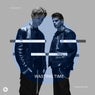 Wasting Time (Extended Mix)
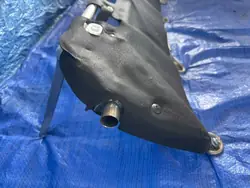 Cadre Batterie OEM Toyota Yaris IV 1.5 Hybride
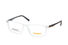 TB1732 Timberland® / Matte Clear(026) / 54-14-145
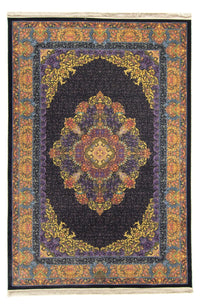 ペルシャ絨毯 Rohy – product image
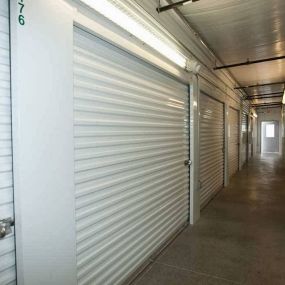 Bild von Green Valley Storage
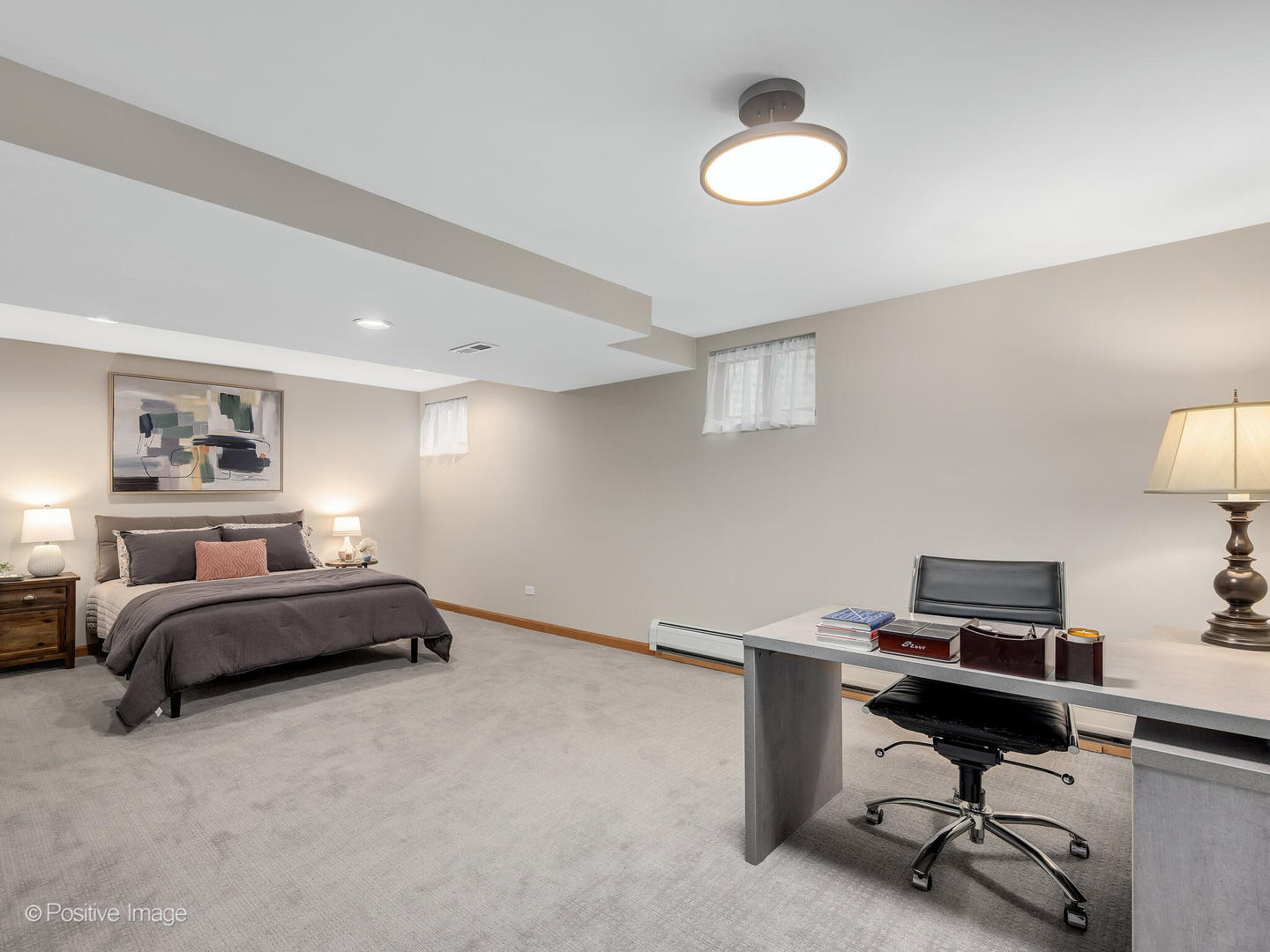 6555 Shabbona Road, Indian Head Park, IL 60525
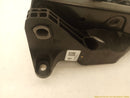 Tesla Model Y Brake Pedal-4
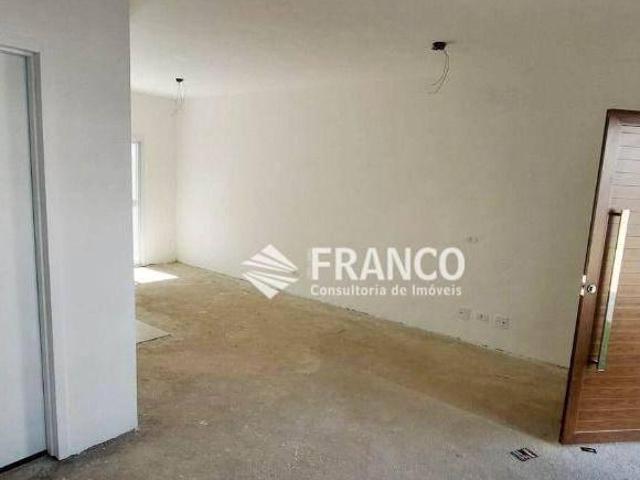 Casa venda em Região Imediata de Taubaté-Pindamonhangaba, Região Metropolitana do Vale do Paraíba e Litoral Norte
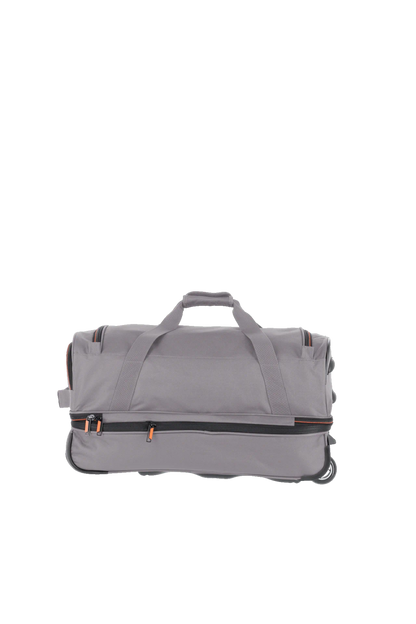 Basics  Trolley Reisetasche S erw.
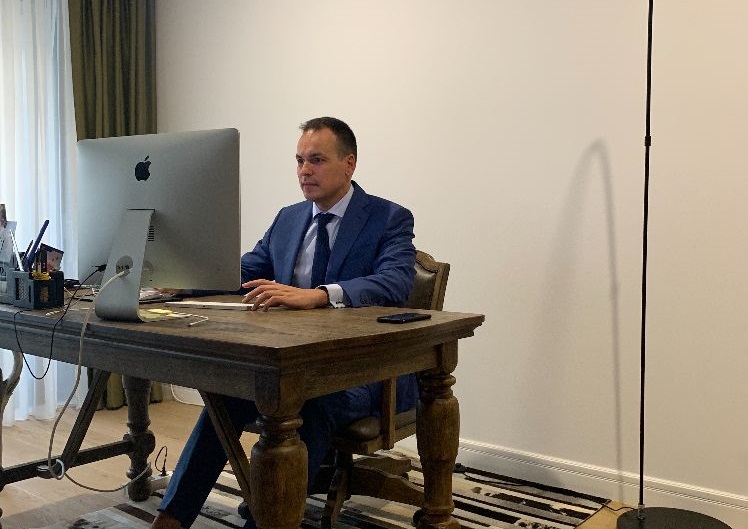 ”NU a existat instituția întreruperii cursului prescripției răspunderii penale”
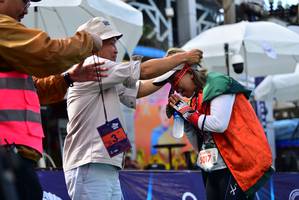 BIB: 5017
                            <button type="button" onclick="openModal(21796221)" class="btn btn-primary btn-sm float-right btn-popup" data-toggle="modal" data-target=".modal-high-quality">
                        <i class="fas fa-shopping-cart"></i> Add to Cart
                    </button>
                                            <button type="button" onclick="isThisMe(21796221, true)" class="btn btn-success btn-sm float-right btn-popup btn-isme hidden" data-toggle="tooltip" data-placement="bottom" title="นี่คือรูปของคุณใช่ไหม คลิกที่นี่เพื่อเอาเข้าอัลบั้ม">
                        <i class="fas fa-plus"></i> Add to album
                    </button>
                    <button type="button" onclick="isThisMe(21796221, false)" class="btn btn-warning btn-sm float-right btn-popup btn-isnotme hidden">
                        <i class="fas fa-ban"></i> Remove from album
                    </button>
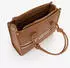Valentino Bags Aella (VBS9ZW04_089) brown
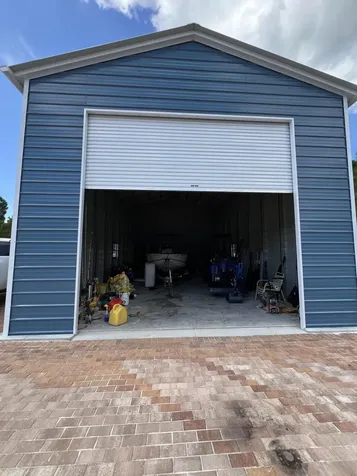 457 Halifax Street Palm Bay FL 32908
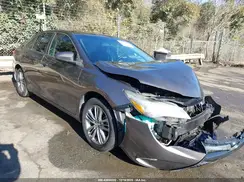 4T1BF1FK4GU186677 2016 TOYOTA CAMRY
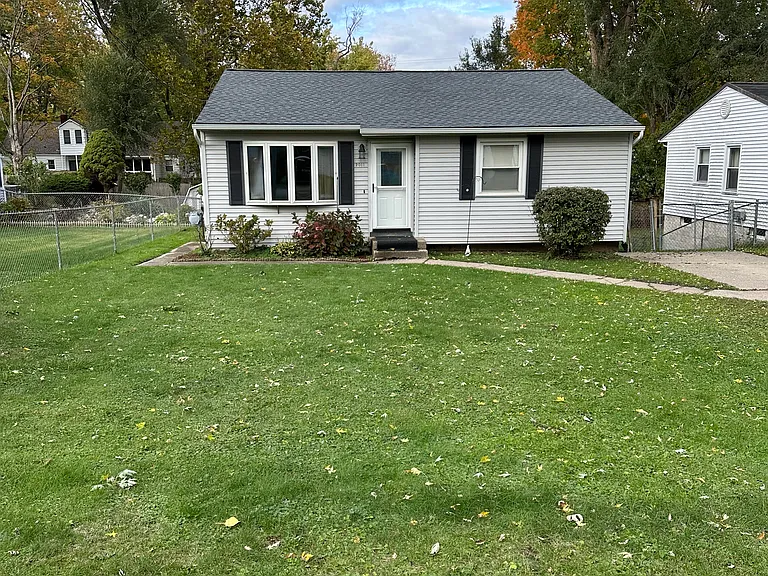 2011 Eckener Dr — Photo 17
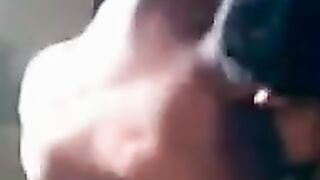 Hot sexy bhabi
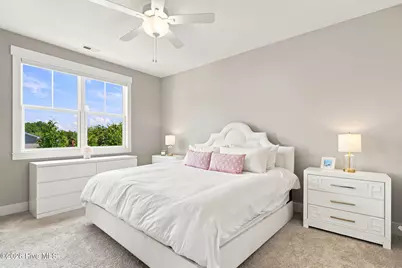 932 Baldwin Park Drive, Wilmington, NC 28411 - Photo 36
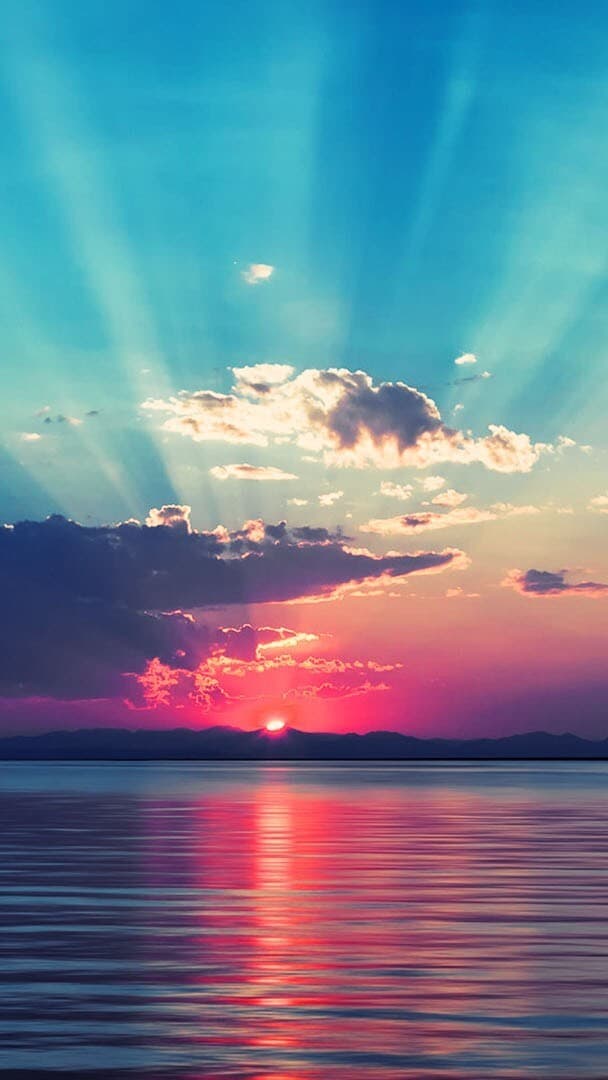 Aesthetic Wallpaper #2498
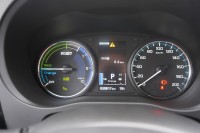Mitsubishi Outlander 2.4Hybrid PHEV 4WD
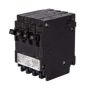 Siemens Q22040CT Breaker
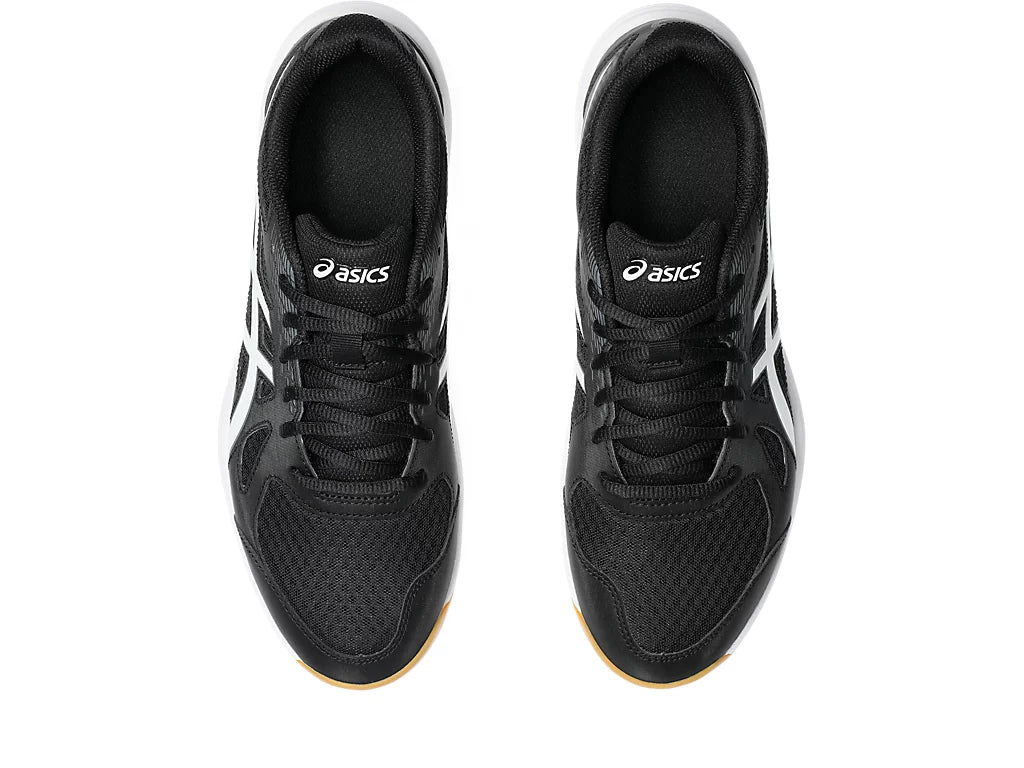 ZAPATILLAS HOMBRE ASICS UPCOURT 6 107A104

§ **Exercise directions**: Scan the material above and determine how many lines include the word "toggle"; report only the number.

§ **Finished exercise**: 2